Training, Comparing and Saving Models
Before you can make predictions, you need to train a model using known data.
What is SupervisedModelTrainer
?
- This class lets you train and compare machine learning models on diverse datasets.
- You can do both classification (for example, predicting Y/N) as well as regression (for example, predicting a numeric value).
Am I ready for model creation?
To build a model, please follow these guidelines for setting up your training data:
- Don't use
0
or1
for the dependent variable when doing binary classification. UseY
/N
instead. TheIIF
function in T-SQL is an easy way to convert your target variables. - Don't pull in test data in this step. In other words, we just pull in those rows where the target (predicted column) has a value already.
- Feature engineering is always a good idea. There are a few notes in the hints document. Check out our blog for ideas.
Step 1: Load training data
MSSQL
server = 'localhost'
database = 'SAM'
query = """SELECT *
FROM [SAM].[dbo].[DiabetesClincialSampleData]
-- In this step, just grab rows that have a target
WHERE ThirtyDayReadmitFLG is not null"""
engine = hcai_db.build_mssql_engine(server=server, database=database)
dataframe = pd.read_sql(query, engine)
# Handle missing data (if needed)
dataframe.replace(['None'], [None], inplace=True)
CSV
dataframe = healthcareai.load_csv('healthcareai/datasets/data/diabetes.csv')
Step 2: Set up a Trainer
The SupervisedModelTrainer
class helps you train models. It cleans and prepares the data before model creation. It also assignes parameters specific to the type of model you eventually want (regression or classification). To set up a trainer you'll need these arguments:
- dataframe (pandas.core.frame.DataFrame): The training data in a pandas dataframe
- predicted_column (str): The name of the prediction column
- model_type (str): the trainer type - 'classification' or 'regression'
- impute (bool): True to impute data (mean of numeric columns and mode of categorical ones). False to drop rows that contain any null values.
- grain_column (str): The name of the grain column
- verbose (bool): Set to true for verbose output. Defaults to False.
Example code
classification_trainer = SupervisedModelTrainer(
dataframe=dataframe,
predicted_column='ThirtyDayReadmitFLG',
model_type='classification',
grain_column='PatientEncounterID',
impute=True,
verbose=False)
Step 3: Train some models
Now that you have a trainer set up, let's train some models!
Example code
# Train a KNN model
trained_knn = classification_trainer.knn()
# Train a logistic regression model
trained_lr = classification_trainer.logistic_regression()
# Train a random forest model and view the feature importance plot
trained_random_forest = classification_trainer.random_forest(save_plot=False)
Step 4: Evaluate and compare models
Now that you have trained some models, let's evaluate and compare them.

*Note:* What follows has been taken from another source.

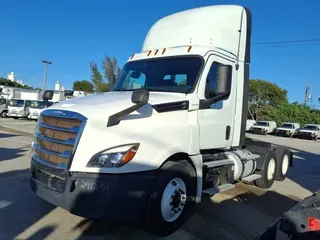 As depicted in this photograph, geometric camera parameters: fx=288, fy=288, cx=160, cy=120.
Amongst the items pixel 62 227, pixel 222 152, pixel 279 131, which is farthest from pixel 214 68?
pixel 279 131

Each trained model has metrics that can be easily viewed by using the .metrics
property. Depending on the model type, this can be a large list, so if you just want to see the ROC or PR metrics you can use .roc()
or .pr()
methods to print out the ideal cutoff and full list of cutoffs.
Example code
# Print the entire list of metrics.
print(trained_knn.metrics)
# Print the ROC thresholds
trained_knn.roc()
# Print the PR thresholds
trained_knn.pr()
Individual plots
# View the ROC and PR plots
trained_knn.roc_plot()
trained_knn.pr_plot()
# View the ROC and PR plots
trained_lr.roc_plot()
trained_lr.pr_plot()
# View the ROC and PR plots
trained_random_forest.roc_plot()
trained_random_forest.pr_plot()
Comparison plots
The healthcareai.common.model_eval.tsm_classification_comparison_plots
method plots ROC curves or PR curves of one or more trained models to directly compare models. It's arguments are:
- plot_type (str): 'ROC' (default) or 'PR'
- trained_supervised_models (list | TrainedSupervisedModel): a single or list of TrainedSupervisedModels
- save (bool): Save the plot to a file
Example code
# Create a list of all the models you just trained that you want to compare
models_to_compare = [trained_knn, trained_lr, trained_random_forest]
# Create a ROC plot that compares them.
tsm_plots.tsm_classification_comparison_plots(
trained_supervised_models=models_to_compare,
plot_type='ROC',
save=False)
# Create a PR plot that compares them.
tsm_plots.tsm_classification_comparison_plots(
trained_supervised_models=models_to_compare,
plot_type='PR',
save=False)
Step 5: Save a Model
After you have trained a model you are happy with, you can save that model for later use.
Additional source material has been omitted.